Bad Movie Scene inizia come una soffice ballata incentrata solo sui suoi tenui giri di chitarra clean, a cui verso metà canzone si sostituisce la distorsione, accompagnata dai bassi pulsanti e sostenente un climax psichedelico ed etereo, quasi spaziale; pur essendo una trovata semplice e già collaudata, quella del crescendo emotivo, rimane sempre d'effetto se non espressa con ridondanza. Viene ora la rocciosa ma psichedelica Colorado Incident, impreziosita da effetti elettronici liquidi. Su di essa c'è un aneddoto curioso, parla infatti di un'esperienza realmente vissuta dal gruppo che dovette cancellare una data in Colorado a causa della stanchezza, dei troppi impegni e di un po' di raffreddore, lasciando i fan ampiamente delusi. Gli olandesi sono sempre rimasti molto spiaciuti per questo "incidente", al punto da ricordarlo in una loro canzone.
Vengono ora i riff quasi alla Black Sabbath di Beautiful War, ma ad attirare l'attenzione sono principalmente le trombe di questa strumentale. In realtà però non è nulla di particolare, visto che viene suonato un solo breve motivo ripetuto varie volte (l'intera traccia è un po' ripetitiva), ma tutto sommato è un inserto interessante, lo sarebbe stato ancora di più se fosse stato maggiormente approfondito.

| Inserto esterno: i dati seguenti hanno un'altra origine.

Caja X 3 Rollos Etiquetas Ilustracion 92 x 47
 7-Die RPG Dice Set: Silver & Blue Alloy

Analog Park è costruita sul contrasto espresso fra le dolci note di sottofondo e il basso intermittente, il cui ritmo a metà traccia viene trasferito alla chitarra elettrica, dando un'atmosfera ancora più ossessiva con le sue distorsioni, per poi rimescolare il tutto prima dell'epilogo finale: fra la fine della canzone e l'inizio della successiva viene recitato un passo di Alice nel Paese delle Meraviglie di Lewis Carroll, una scelta curiosa, ma subito le note delicate di Herbal Movement si pongono in primo piano, sostenute dalla leggera tastiera che riempie l'atmosfera e facendo tornare alla mente i Radiohead più dolci ed eterei.

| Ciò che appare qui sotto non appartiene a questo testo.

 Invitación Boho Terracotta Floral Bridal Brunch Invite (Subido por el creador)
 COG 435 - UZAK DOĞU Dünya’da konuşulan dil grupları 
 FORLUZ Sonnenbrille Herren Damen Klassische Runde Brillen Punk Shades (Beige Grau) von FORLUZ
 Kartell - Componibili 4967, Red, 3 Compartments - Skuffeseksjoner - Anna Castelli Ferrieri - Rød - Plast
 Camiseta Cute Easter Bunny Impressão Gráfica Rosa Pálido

Il dream rock della famosa Saturnine rimescola le consuete tastiere atmosferiche e i riff cavernosi, al contempo piccoli inserti acustici ed un semplice e nostalgico giro ripetuto di pianoforte elevano l'emotività della canzone rendendola forse la migliore del disco. Come per Beautiful War c'è un inserto interessante, cioè alcuni violini sul finire del brano; questa volta però il loro ruolo viene espanso (anche se non di molto), ma ciò accade di più nella successiva Morphia's Waltz. E' una ballata semiacustica dolce e rilassante, a metà strada fra alt rock, pop/rock e dream folk, dove gli archi non prendono banalmente il sopravvento, ma rimangono un accompagnamento vellutato, ben calibrato all'interno della canzone.
Dopo l'ormai tradizionale breve periodo di silenzio si passa all'ultima canzone, la strumentale Pathfinder, interamente costituita da melodie tenui e cullanti. Si può sentire anche un violoncello appena accennato, ad ogni modo l'atmosfera notturna ricreata è perfetta per chiudere l'album.

Considerando il suo sottovalutato valore, ITE merita un approfondimento decisamente migliore di quello che gli è stato spesso riserbato dal particolare settore che nel 2000 ancora costituiva la maggior parte del pubblico conoscente i Gathering.
Un'ottima conferma per gli olandesi, che sicuramente non consigliamo come inizio a chi è nuovo a questa musica in modo da concedere maggior tempo per apprezzarla, ma che raccomandiamo di esplorare quanto prima. Però in fondo c'è da dire che forse una piccola critica alla svolta dei The Gathering si può fare, e cioè che le loro sperimentazioni a tratti sembrano un po' evanescenti e appaiono come se mancasse qualcosa per completare il cerchio; in ogni caso, questo non ha impedito loro di realizzare lavori di buona fattura. Possiamo quindi tranquillamente contemplare quell'ottimo disco che risponde al nome di if_then_else.